Coffee falls over 10% from record high
Testing nearly $4.30 per pound, increased rainfall forecasts in Brazil, surplus production estimates, Vietnam’s easing supply concerns lead to decline of coffee prices
By Burhan Sansarlioglu and Emir Yildirim
ISTANBUL (AA) - Coffee saw a record high of nearly $4.30 per pound in global markets but easing uncertainties over global economic growth and supply led to an over 10% decline.
Risks to global growth and supply, as well as estimates of falling coffee demand, led to the decline of coffee prices.
Increased rainfall forecasts in Brazil and some easing of dry weather conditions also contributed to the fall.
Coffee yields are expected to decline as a surplus came to the fore. The International Coffee Organization estimates that there will be 1 million bags of surplus production.
London-based Marex Solutions predicted the global coffee surplus of 200,000 bags in 2024/25 will increase to 1.2 million bags in 2025/26.
Vietnam’s easing coffee supply concerns, albeit limited, also contributed to the decline, as the country’s statistical office reported its coffee exports rose over 6% in February.
Rising trade tensions over US tariffs and macroeconomic data signaling recession also pushed prices downwards.

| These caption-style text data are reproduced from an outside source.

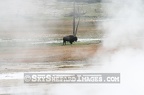 Buffalo in Steamy range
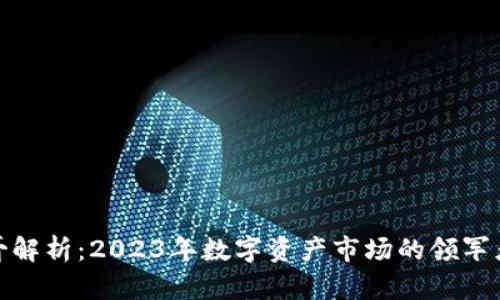 加密货币一哥解析：2023年数字资产市场的领军者与未来趋势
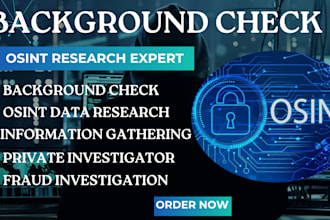 do background check osint private investigation digital forensics detective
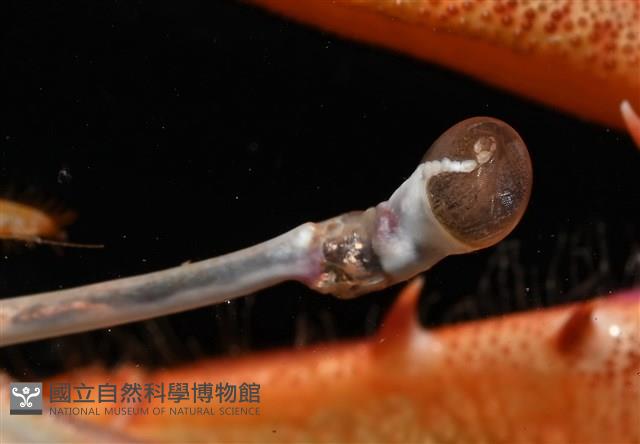看守長眼蟹藏品圖，第6張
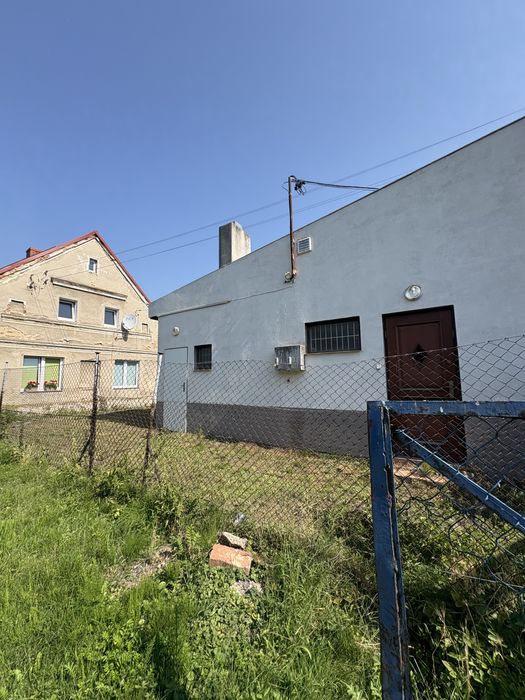 Zdjęcie 3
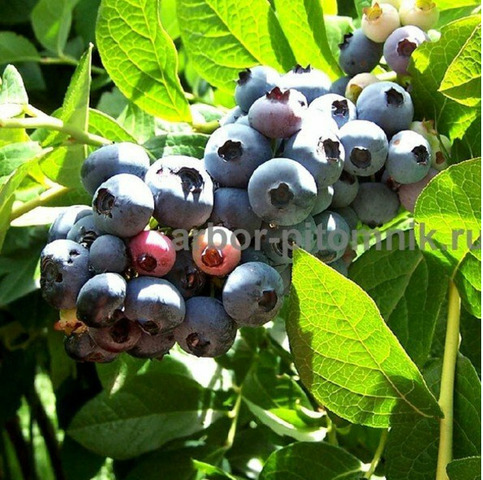 Саженцы и крупномеры голубики купить в Москве с посадкой - 5/10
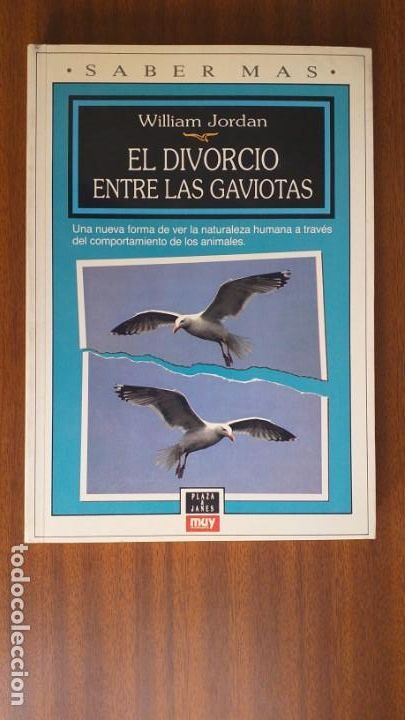 Libros de segunda mano: El divorcio entre las gaviotas --- William Jordan - Foto 1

As the global fight against inflation and recession continues, US President Donald Trump’s trade wars via tariffs keep fueling uncertainties over the economic outlook of the US.
- Coffee soared over 18% per pound in January before falling
Coffee tested its historic high at $4.29 per pound in January, primarily led by tightening supply outlook in Brazil and Vietnam, rising over 18%.
Trump’s tariff threats on Colombia also contributed to the surge.
Zafer Ergezen, futures and commodity markets expert, told Anadolu that it is “natural” to see a decline after such hikes in coffee prices.
“High temperatures and lack of precipitation in Brazil reduced the blossoming of coffee trees, and therefore the yield, while Vietnam’s declining production last year also contributed to the rise,” he said. “Suppliers that sell all their stocks have only been able to sell 30% of their stocks this year—it seems that long-term and new purchases are postponed due to rising prices.”
Ergezen said the situation led to reducing demand in the market, while the expected rainfall in Brazil also contributed to it.
“Coffee production in Colombia reached its highest level in 29 years,” he noted.
“The increase in Colombia’s coffee yield, expected rainfall in Brazil, and the hesitance of producers to buy coffee due to high prices resulted in profit sales in coffee prices,” he added.